[[ Record excerpts, beginning ]]
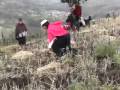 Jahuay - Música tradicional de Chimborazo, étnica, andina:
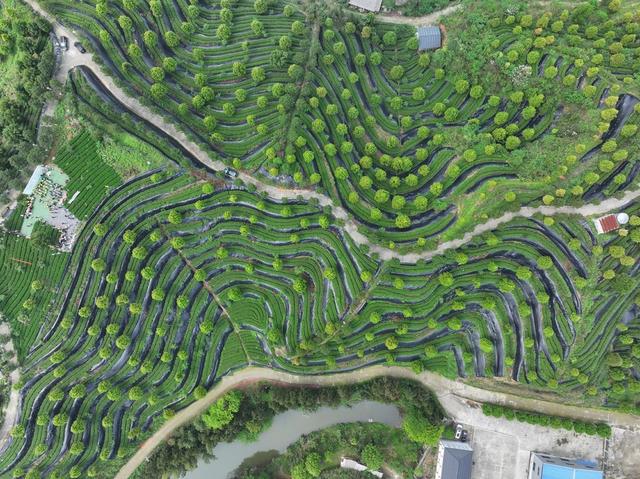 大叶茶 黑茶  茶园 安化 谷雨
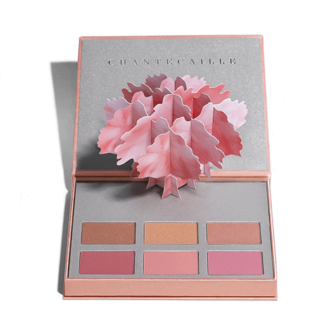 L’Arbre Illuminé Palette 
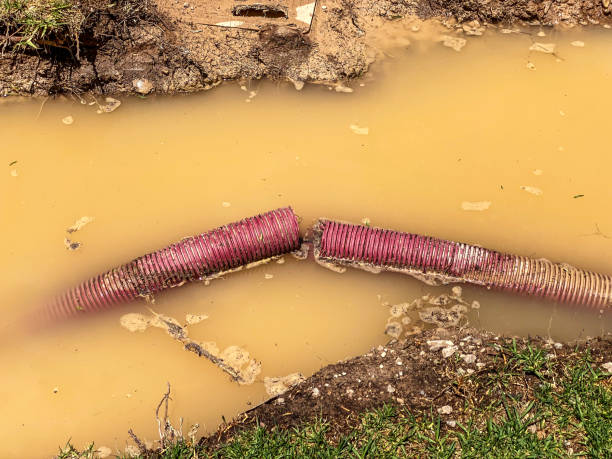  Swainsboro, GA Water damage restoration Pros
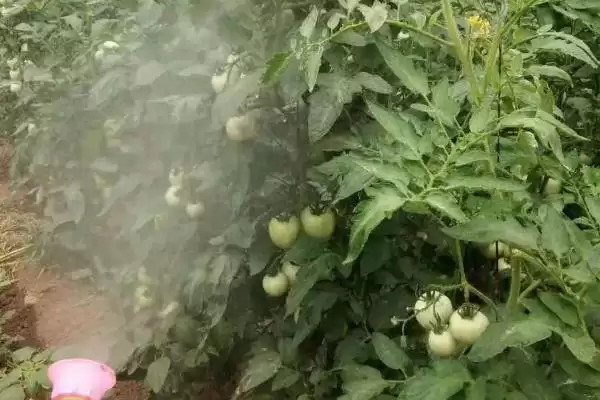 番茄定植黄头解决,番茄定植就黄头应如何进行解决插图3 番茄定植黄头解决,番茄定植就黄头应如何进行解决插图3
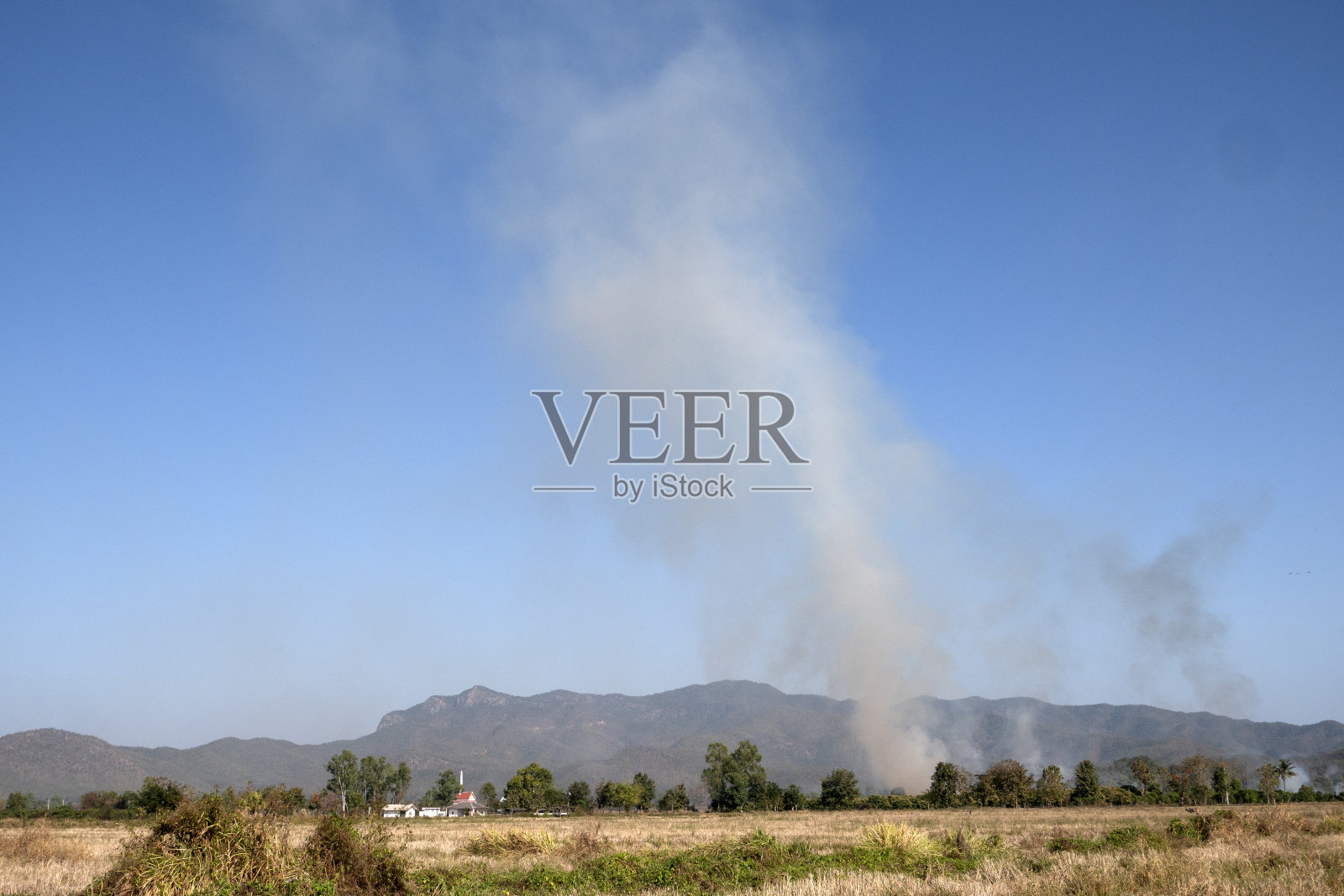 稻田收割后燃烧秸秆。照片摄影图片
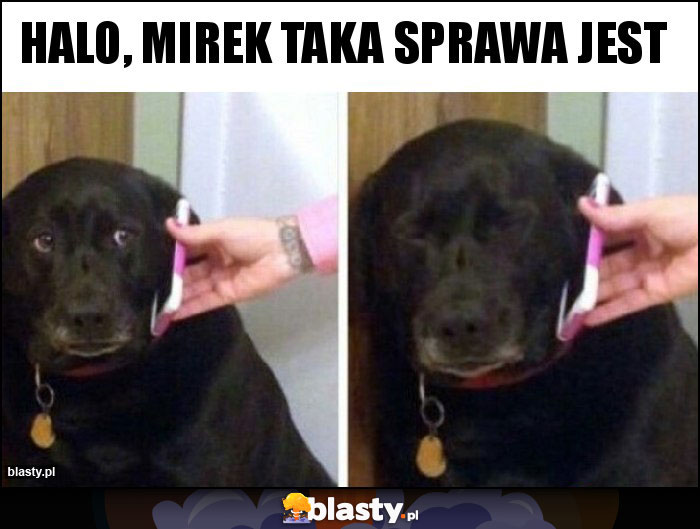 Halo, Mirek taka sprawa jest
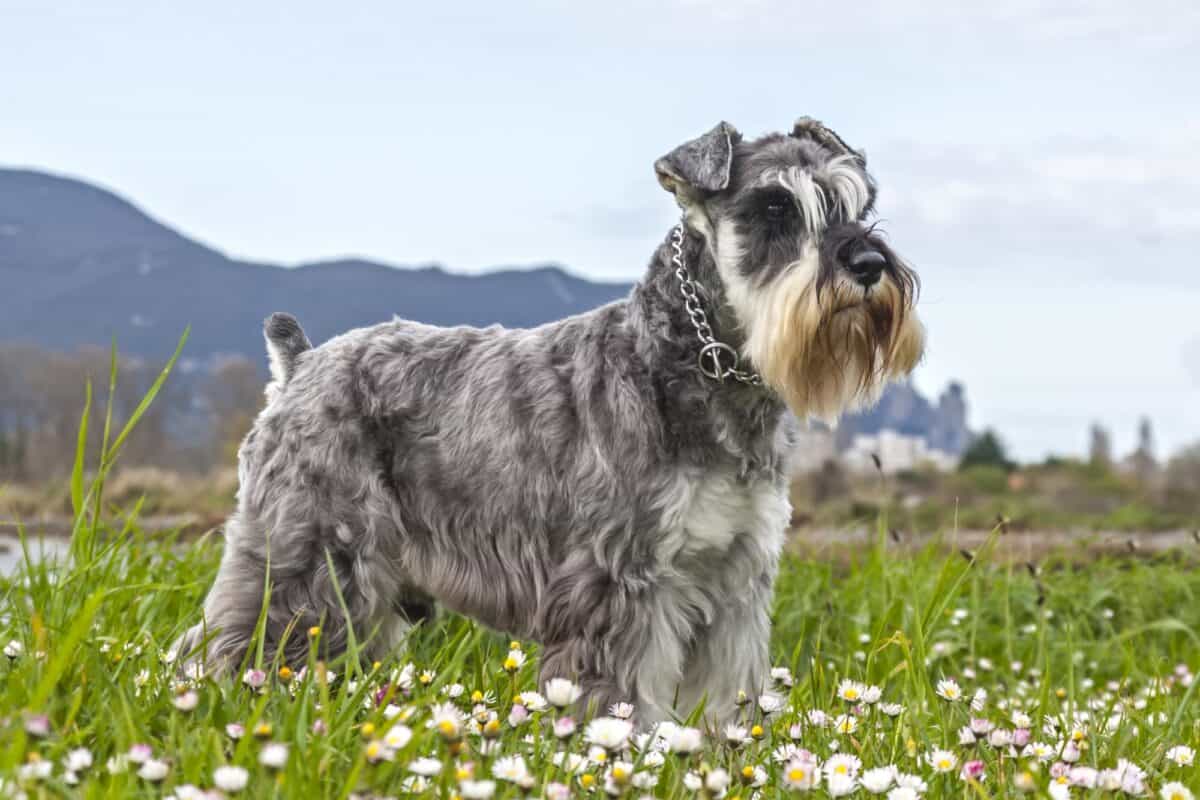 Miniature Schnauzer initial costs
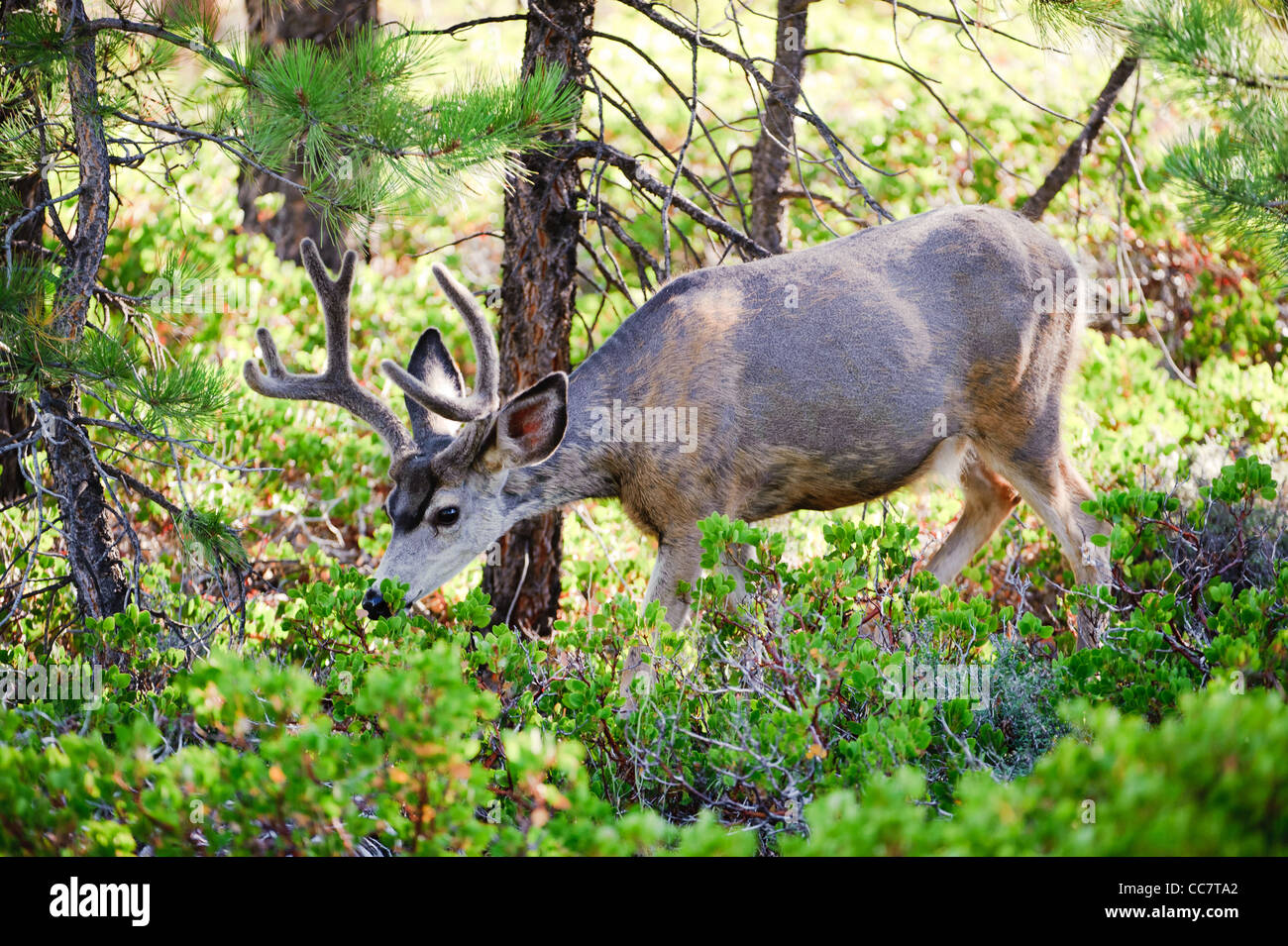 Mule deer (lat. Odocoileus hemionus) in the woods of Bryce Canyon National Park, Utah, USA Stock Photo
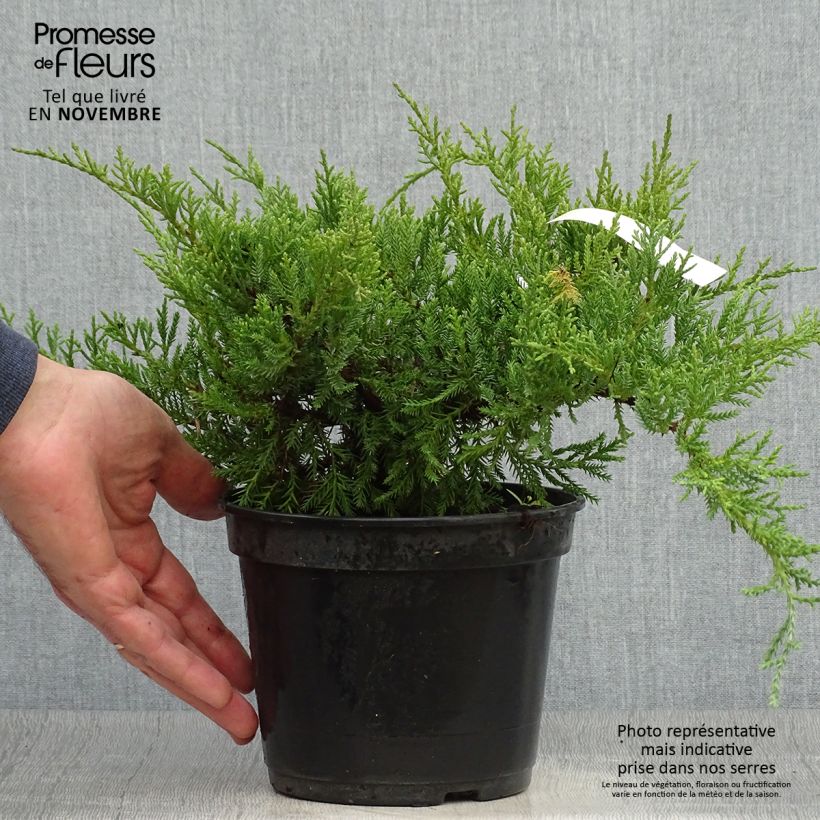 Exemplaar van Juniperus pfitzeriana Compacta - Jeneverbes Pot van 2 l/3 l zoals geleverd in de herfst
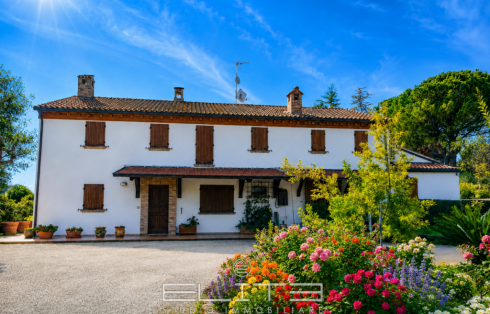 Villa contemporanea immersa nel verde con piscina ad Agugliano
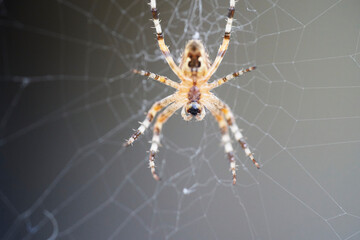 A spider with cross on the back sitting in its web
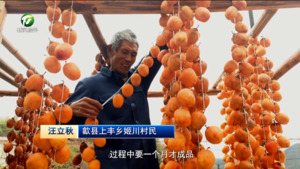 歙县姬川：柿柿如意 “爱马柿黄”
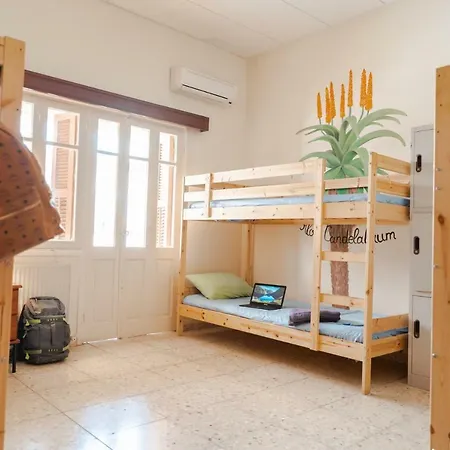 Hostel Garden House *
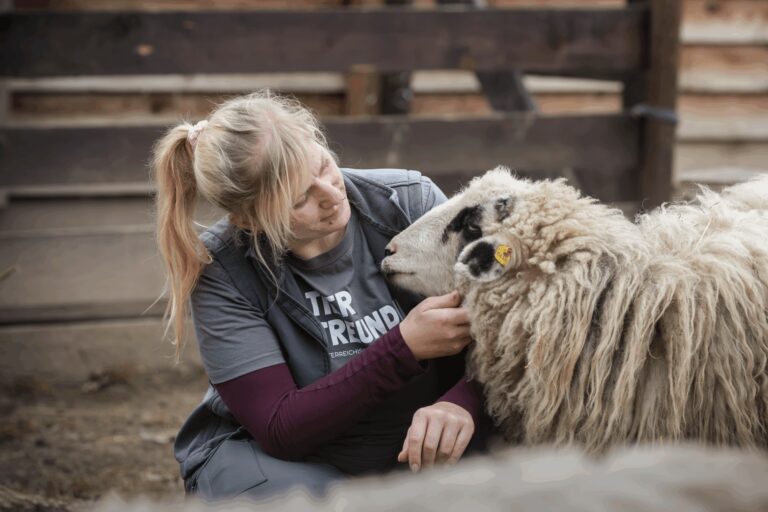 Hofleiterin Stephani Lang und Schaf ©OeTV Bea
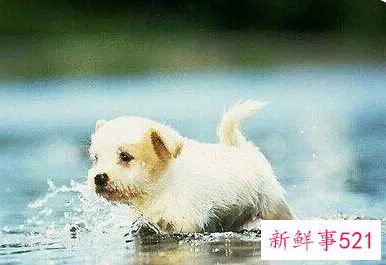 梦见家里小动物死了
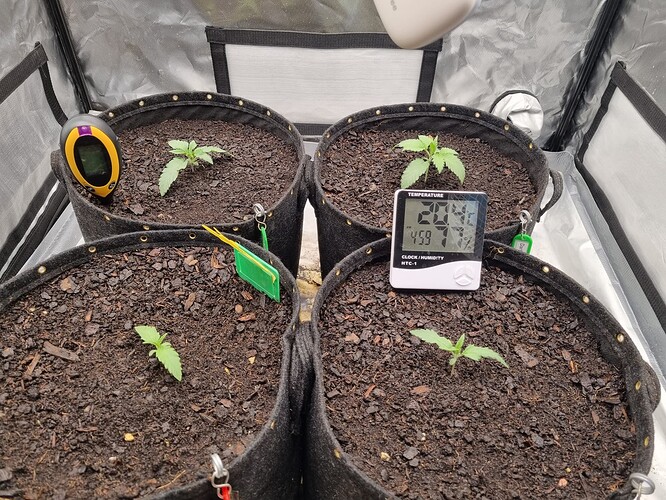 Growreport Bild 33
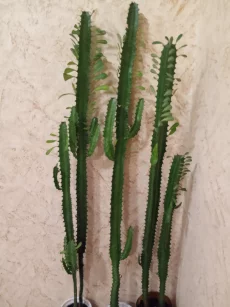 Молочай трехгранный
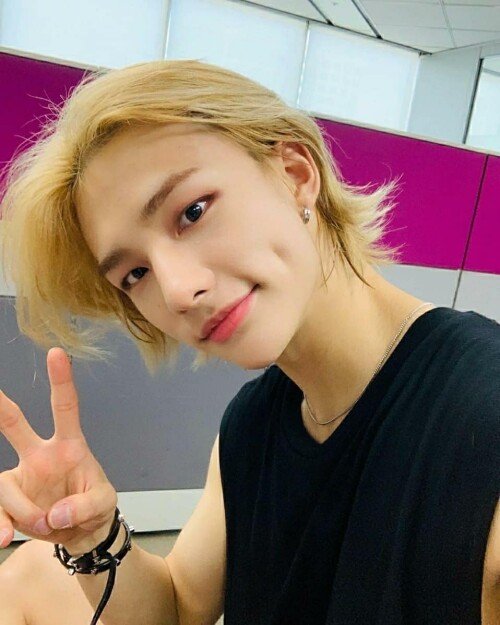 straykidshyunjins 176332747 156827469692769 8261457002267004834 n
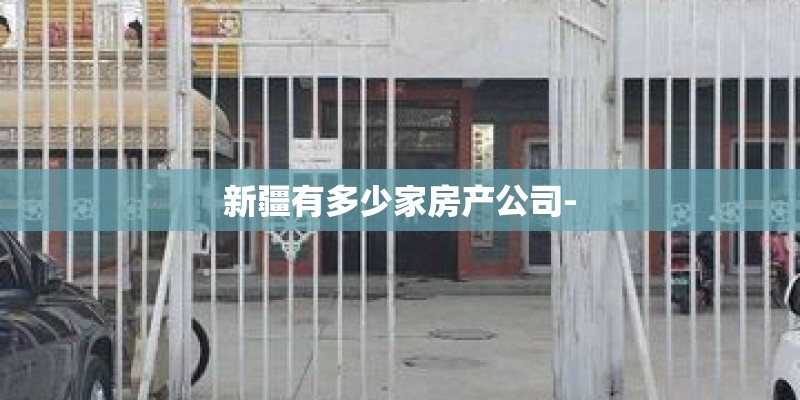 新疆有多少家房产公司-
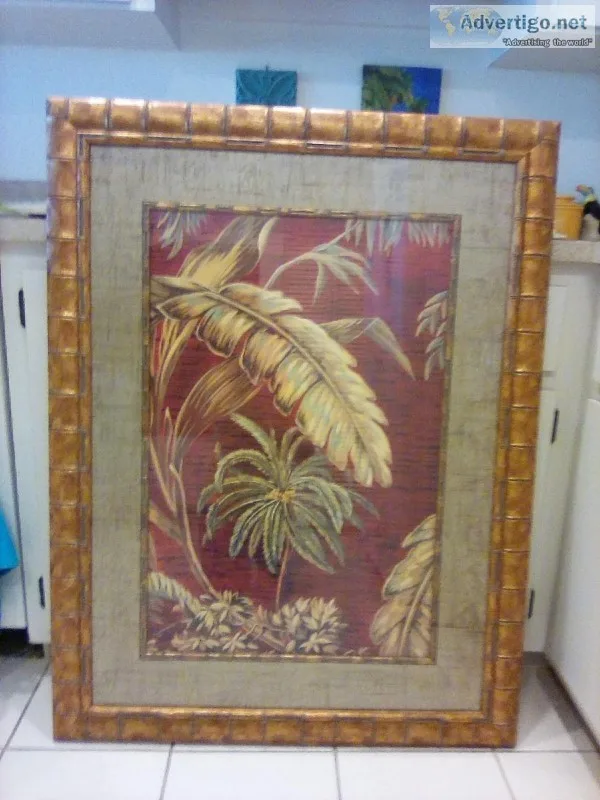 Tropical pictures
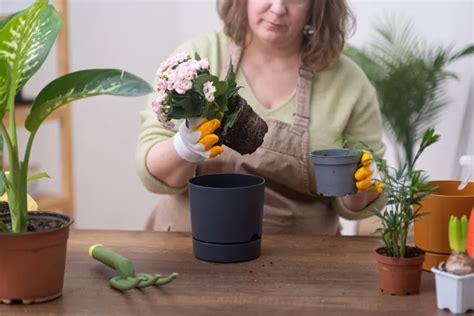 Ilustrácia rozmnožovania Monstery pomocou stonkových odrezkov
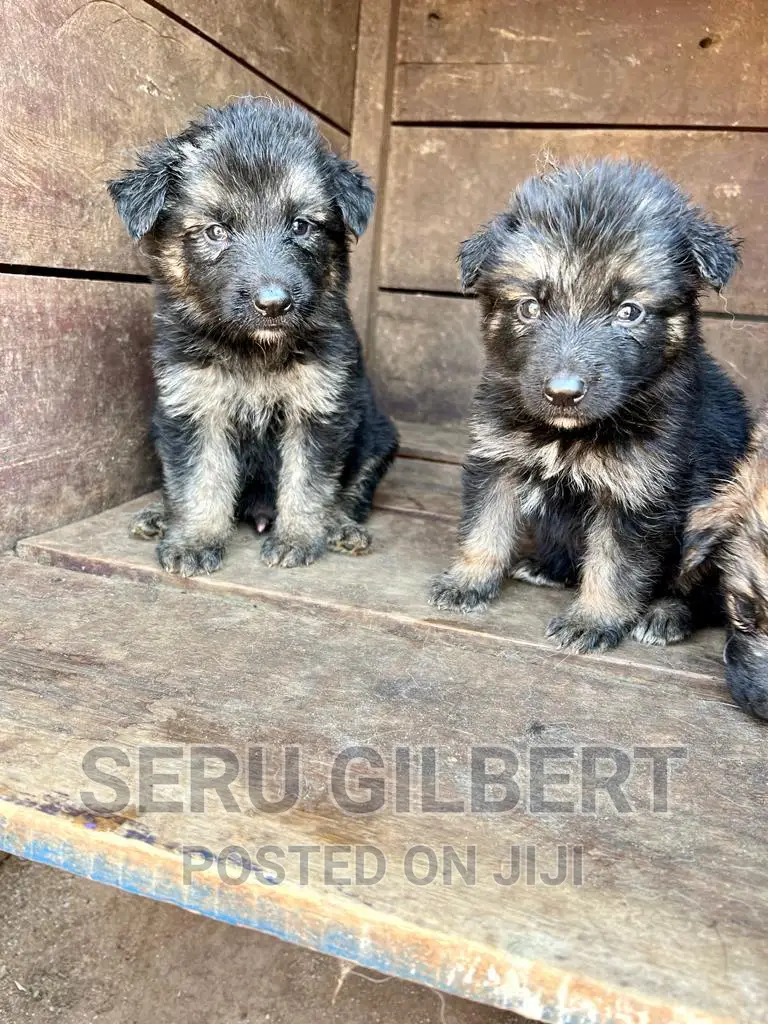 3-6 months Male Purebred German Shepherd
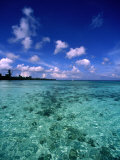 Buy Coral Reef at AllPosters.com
[[ Record excerpts, end ]]
What you need to do
Return exactly the lines of the data, beginning with the first and ending with the line containing "Miniature Schnauzer initial costs". Skip the pictures.

Result
 Jahuay - Música tradicional de Chimborazo, étnica, andina:
 大叶茶 黑茶  茶园 安化 谷雨
 L’Arbre Illuminé Palette 
  Swainsboro, GA Water damage restoration Pros
 番茄定植黄头解决,番茄定植就黄头应如何进行解决插图3 番茄定植黄头解决,番茄定植就黄头应如何进行解决插图3
 稻田收割后燃烧秸秆。照片摄影图片
 Halo, Mirek taka sprawa jest
 Miniature Schnauzer initial costs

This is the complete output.